Note: To work around the situation of Unicast NLB limitation, we can statically hard code the ARP and MAC address pointing to the correct interface. Please refer to bug ID CSCuq03168 in detail in the “Open Caveats—Cisco NX-OS Release 7.0(3)I1(3)” section.
■ TCAM resources are not shared when:
¯ Routed ACL (Access Control List) is applied to multiple SVIs in the egress direction
¯ Applying VACL (VLAN ACL) to multiple VLANs
■ Cisco Nexus 9000 Series switch hardware does not support range checks (layer 4 operators) in egress TCAM. Because of this, ACL/QoS policies with layer 4 operations-based classification need to be expanded to multiple entries in the egress TCAM. Egress TCAM space planning should take this limitation into account.
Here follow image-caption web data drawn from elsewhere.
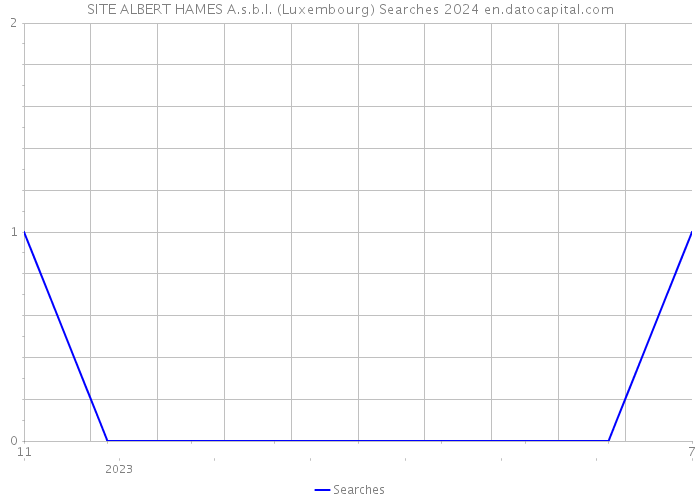 SITE ALBERT HAMES A.s.b.l. (Luxembourg) Searches 2024 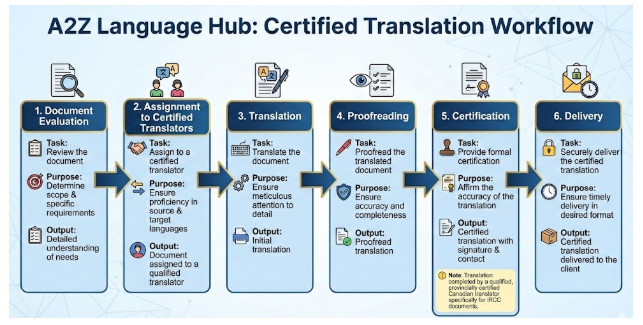A2Z Language Hub Certified Translation Workflow: Document Evaluation, Assignment, Translation, Proofreading, Certification, Delivery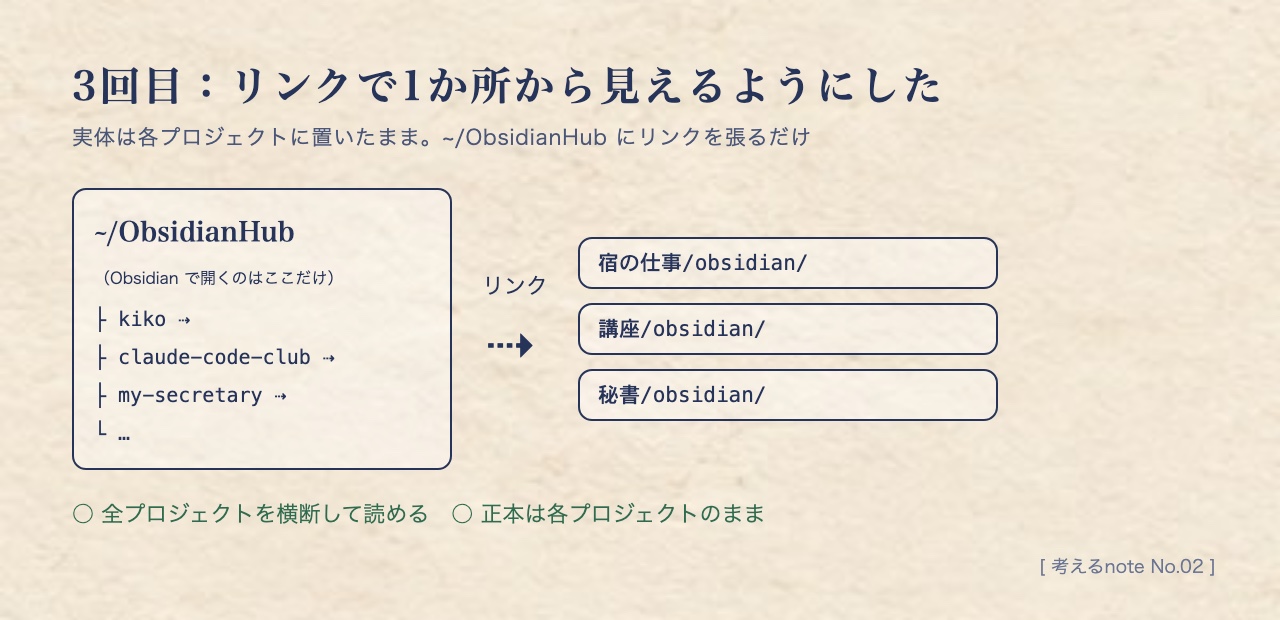 3回目:リンクで1か所から見えるようにした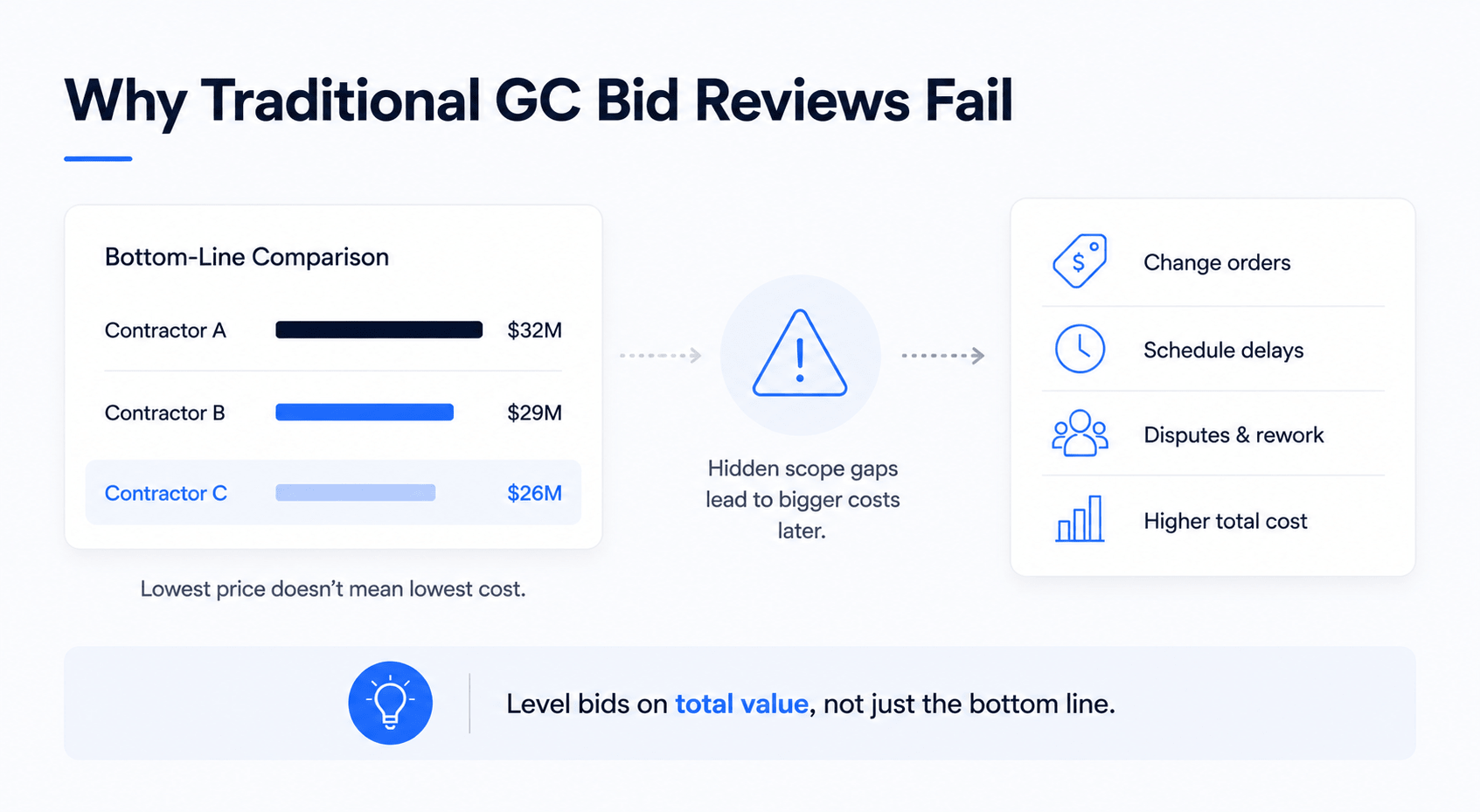 Minimalist infographic illustrating why traditional GC bid reviews fail. The graphic compares contractor bids, highlights hidden scope gaps, and shows how overlooked costs can lead to change orders, schedule delays, disputes, and higher overall project expenses.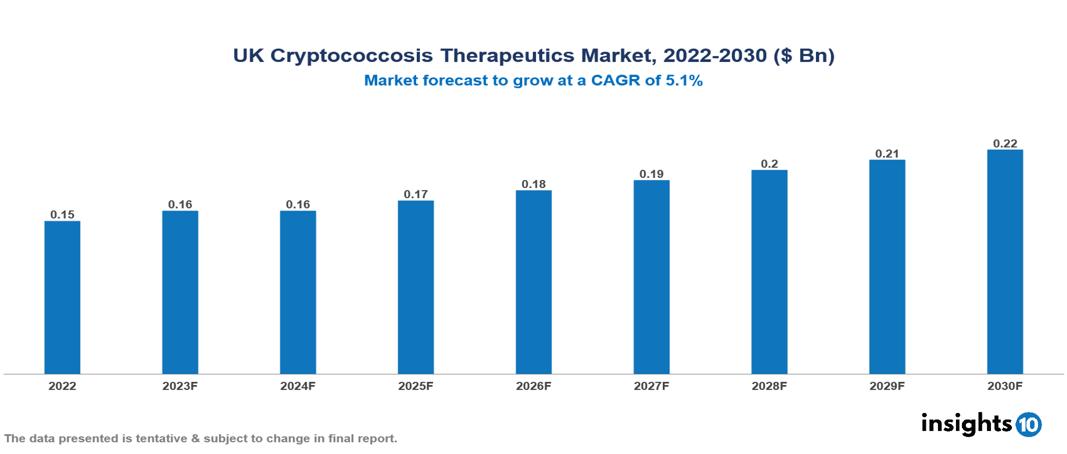 UK Cryptococcosis Therapeutics Market Analysis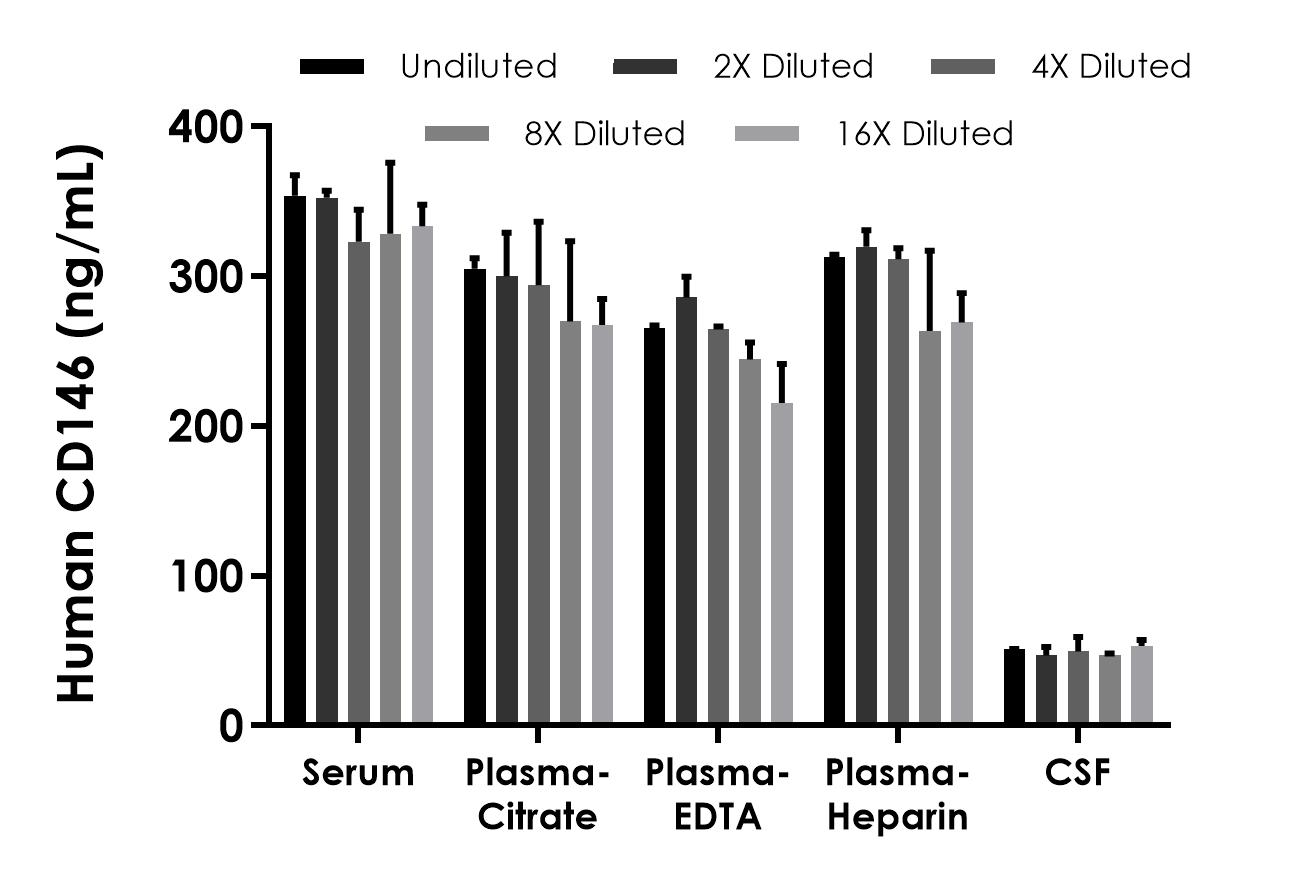 Sandwich ELISA - Human CD146 ELISA Kit (AB315318), expandable thumbnail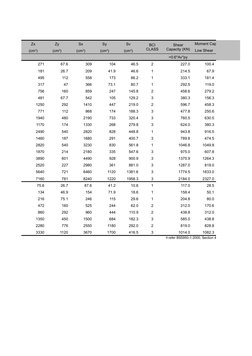 Zx
Zy
Sx
Sy
Sv
Moment Capacity (KN.m)
Low Shear
=0.6*Av*py
271
67.6
309
104
46.5 
2
227.0 
100.4 
181
26.7
209
41.9
46.6 
1
2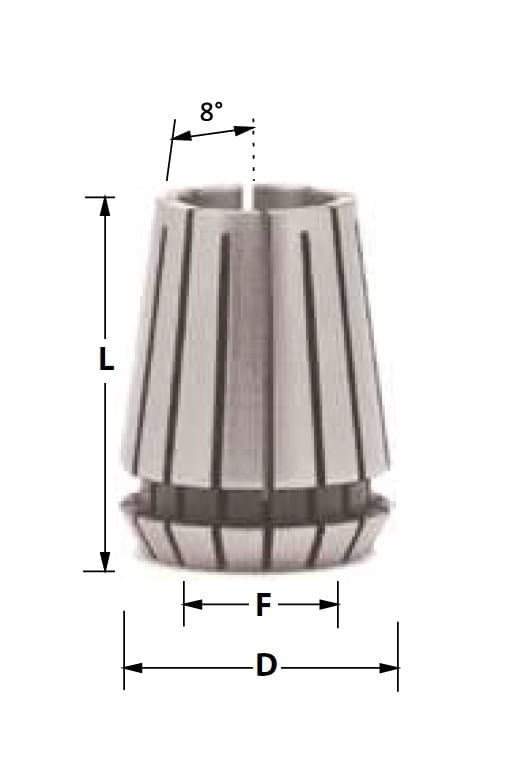 ER32
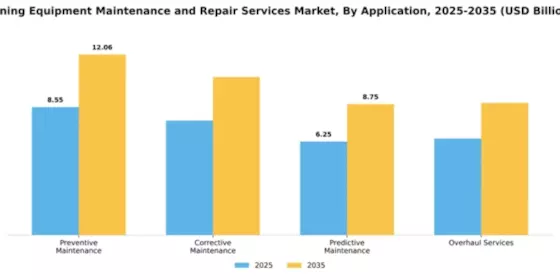 Mining Equipment Maintenance and Repair Services Market Segment Image 0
■ Applying the same QoS policy and ACL on multiple interfaces requires applying the qos-policy with the no-stats option to share the label.
■ Multiple port VLAN mappings configured on an interface during a rollback operation causes the rollback feature to fail.
■ The following switches support QSFP+ with the QSA (QSFP to SFP/SFP+ Adapter) (40G to 10G QSA):
¯ N9K-C9396PX
¯ N9K-C9396TX
¯ N9K-C93128TX
¯ N9K-C9372PX,
¯ N9K-C9372TX
¯ N9K-C9332PQ
Note: The Nexus 9300 support for the QSFP+ with QSA adapter has the following limitations:
■ Only 10G can be supported using QSA on 40G uplink ports on N9300 switches in NX-OS.
■ 1G with QSA is not supported.
■ For the Cisco Nexus 9332PQ switch, all ports except 13-14 and 27-32 can support breakout
■ All ports in the QSA speed group must operate at the same speed (see the configuration guide)
■ The following switches support the breakout cable (40G ports to 4x10G ports):
¯ N9K-C9332PQ
¯ N9K-X9436PQ
¯ N9K-X9536PQ
■ A DHCP relay to a subnet broadcast address does not work. Workaround: Configure ip directed-broadcast.
■ The show license usage command shows the incorrect license if a valid license is installed over an honor license.
■ An ACL or source VLAN on a SPAN session affects traffic on other sessions.
■ Traffic is not spanned if SPAN ACL and policy-based routing are enabled.
■ When the interface is in the STP block state, and DHCP snoop is configured on the VLANs of this interface, the DHCP packets coming from the VLANs cannot be blocked by STP.
■ When a QoS policy with a policer is applied on a FEX HIF port, the actual policing happens at the switch and not at the FEX. As a result, the internal VNTAG header of 6 bytes is also considered by the policer.
■ Limitations for ALE uplink ports are listed at the following URL:
This section provides guidelines and limitations for configuring private VLANs.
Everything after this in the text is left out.